What is needed is an exact transcription of every entry below.

**** INFORMATION ****

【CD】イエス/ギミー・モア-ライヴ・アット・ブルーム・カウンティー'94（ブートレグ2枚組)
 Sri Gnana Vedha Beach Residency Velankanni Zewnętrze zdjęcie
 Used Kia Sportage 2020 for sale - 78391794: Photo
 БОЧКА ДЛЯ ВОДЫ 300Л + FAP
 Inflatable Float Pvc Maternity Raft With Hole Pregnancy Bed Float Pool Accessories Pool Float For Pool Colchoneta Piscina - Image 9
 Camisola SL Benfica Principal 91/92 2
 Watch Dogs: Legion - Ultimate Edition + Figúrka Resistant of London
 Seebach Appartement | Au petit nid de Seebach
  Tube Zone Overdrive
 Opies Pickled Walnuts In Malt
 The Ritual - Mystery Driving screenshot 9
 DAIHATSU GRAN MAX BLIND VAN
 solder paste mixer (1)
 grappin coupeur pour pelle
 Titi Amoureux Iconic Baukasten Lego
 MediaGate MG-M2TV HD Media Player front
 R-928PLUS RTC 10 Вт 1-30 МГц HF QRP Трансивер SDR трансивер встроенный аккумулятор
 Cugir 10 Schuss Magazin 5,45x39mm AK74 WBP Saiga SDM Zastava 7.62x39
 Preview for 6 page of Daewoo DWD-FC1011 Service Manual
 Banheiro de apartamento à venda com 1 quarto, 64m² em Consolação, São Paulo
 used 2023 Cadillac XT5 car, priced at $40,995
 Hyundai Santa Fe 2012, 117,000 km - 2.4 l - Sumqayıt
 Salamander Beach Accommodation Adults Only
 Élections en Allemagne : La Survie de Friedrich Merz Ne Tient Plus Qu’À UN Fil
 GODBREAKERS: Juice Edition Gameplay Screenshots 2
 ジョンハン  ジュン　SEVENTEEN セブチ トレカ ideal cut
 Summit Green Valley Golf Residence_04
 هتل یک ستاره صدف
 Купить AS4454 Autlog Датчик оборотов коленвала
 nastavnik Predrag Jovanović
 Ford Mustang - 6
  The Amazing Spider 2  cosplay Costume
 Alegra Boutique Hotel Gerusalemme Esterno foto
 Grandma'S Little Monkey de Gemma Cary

****

ANSWER BELOW.
【CD】イエス/ギミー・モア-ライヴ・アット・ブルーム・カウンティー'94（ブートレグ2枚組)
 Sri Gnana Vedha Beach Residency Velankanni Zewnętrze zdjęcie
 Used Kia Sportage 2020 for sale - 78391794: Photo
 БОЧКА ДЛЯ ВОДЫ 300Л + FAP
 Inflatable Float Pvc Maternity Raft With Hole Pregnancy Bed Float Pool Accessories Pool Float For Pool Colchoneta Piscina - Image 9
 Camisola SL Benfica Principal 91/92 2
 Watch Dogs: Legion - Ultimate Edition + Figúrka Resistant of London
 Seebach Appartement | Au petit nid de Seebach
  Tube Zone Overdrive
 Opies Pickled Walnuts In Malt
 The Ritual - Mystery Driving screenshot 9
 DAIHATSU GRAN MAX BLIND VAN
 solder paste mixer (1)
 grappin coupeur pour pelle
 Titi Amoureux Iconic Baukasten Lego
 MediaGate MG-M2TV HD Media Player front
 R-928PLUS RTC 10 Вт 1-30 МГц HF QRP Трансивер SDR трансивер встроенный аккумулятор
 Cugir 10 Schuss Magazin 5,45x39mm AK74 WBP Saiga SDM Zastava 7.62x39
 Preview for 6 page of Daewoo DWD-FC1011 Service Manual
 Banheiro de apartamento à venda com 1 quarto, 64m² em Consolação, São Paulo
 used 2023 Cadillac XT5 car, priced at $40,995
 Hyundai Santa Fe 2012, 117,000 km - 2.4 l - Sumqayıt
 Salamander Beach Accommodation Adults Only
 Élections en Allemagne : La Survie de Friedrich Merz Ne Tient Plus Qu’À UN Fil
 GODBREAKERS: Juice Edition Gameplay Screenshots 2
 ジョンハン  ジュン　SEVENTEEN セブチ トレカ ideal cut
 Summit Green Valley Golf Residence_04
 هتل یک ستاره صدف
 Купить AS4454 Autlog Датчик оборотов коленвала
 nastavnik Predrag Jovanović
 Ford Mustang - 6
  The Amazing Spider 2  cosplay Costume
 Alegra Boutique Hotel Gerusalemme Esterno foto
 Grandma'S Little Monkey de Gemma Cary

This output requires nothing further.